Before Robertson’s withdrawal was announced, the premier reappointed Heed to cabinet, citing those very passages quoted above as proof “the special prosecutor fully exonerated Heed.”

The newly restored solicitor-general then met with reporters in the foyer outside the legislative chamber.

Some expression of relief on Heed’s part was understandable. He was off the hook. The premier had expressed his confidence and reappointed him to cabinet.

But the good-to-be-back-in-the-saddle tone was all wrong. Not a word of regret that his campaign stood accused of the most serious charges ever laid in connection with the outcome of a B.C. election.

As opposition house leader Mike Farnworth noted in his reaction, the accused in this case were not some minor-league volunteers run amok. Two of them were the key officials in the Heed campaign.

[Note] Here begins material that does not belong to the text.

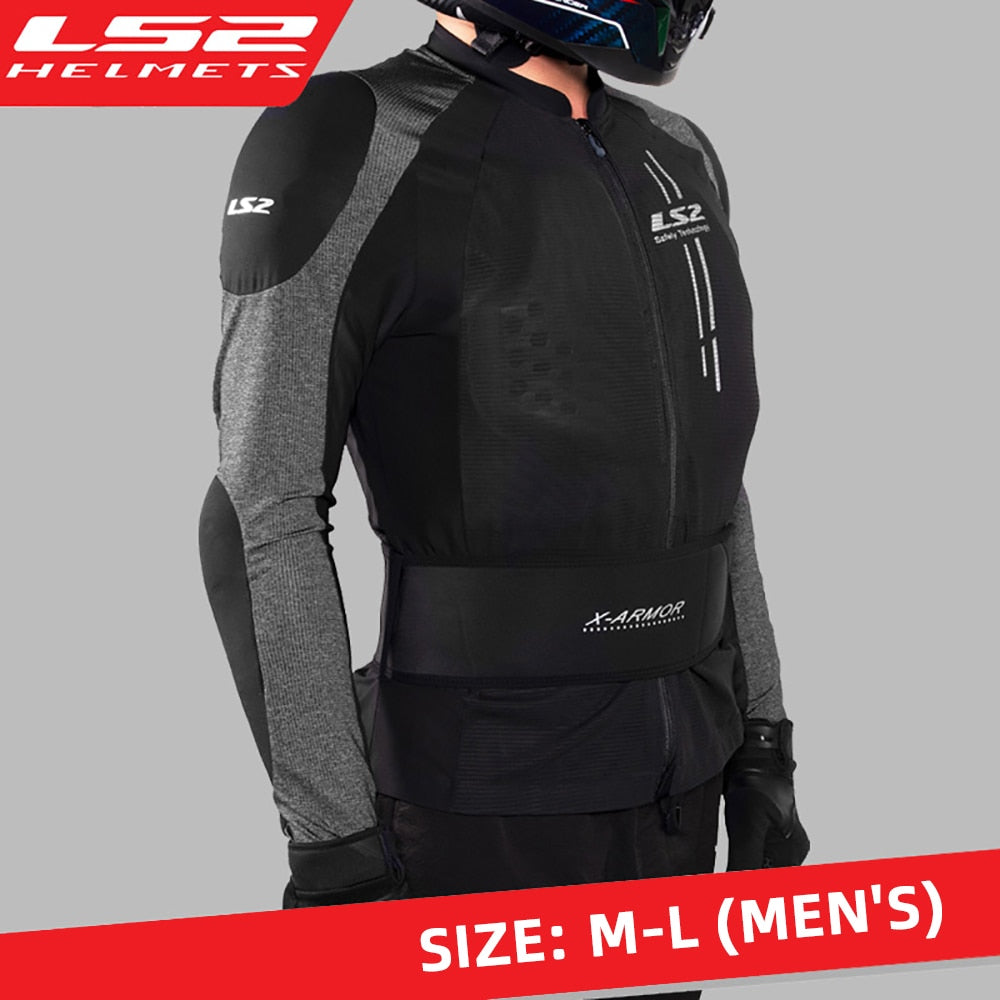 LS2 Motorcycle Soft Armor Unisex Moto Jacket Motocross Riding Protective Gear Chest Shoulder Protection CE Certification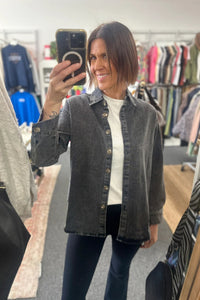 Arizona Black Denim Shirt - Sare StoreBy FrankieShirt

And depending on how these charges play out — there are several “ifs” — the outcome could be a court order that would vacate Heed’s seat in the legislature and lead to a byelection.

But when I asked Heed about the absence of any note of contrition in his statement, he pushed back. He’d been exonerated. The special prosecutor said so. The matter was closed as far as he was concerned.

No story here, says top cop. Move along.

Arrogant in the extreme. No wonder Campbell considers him a perfect fit for his cabinet table.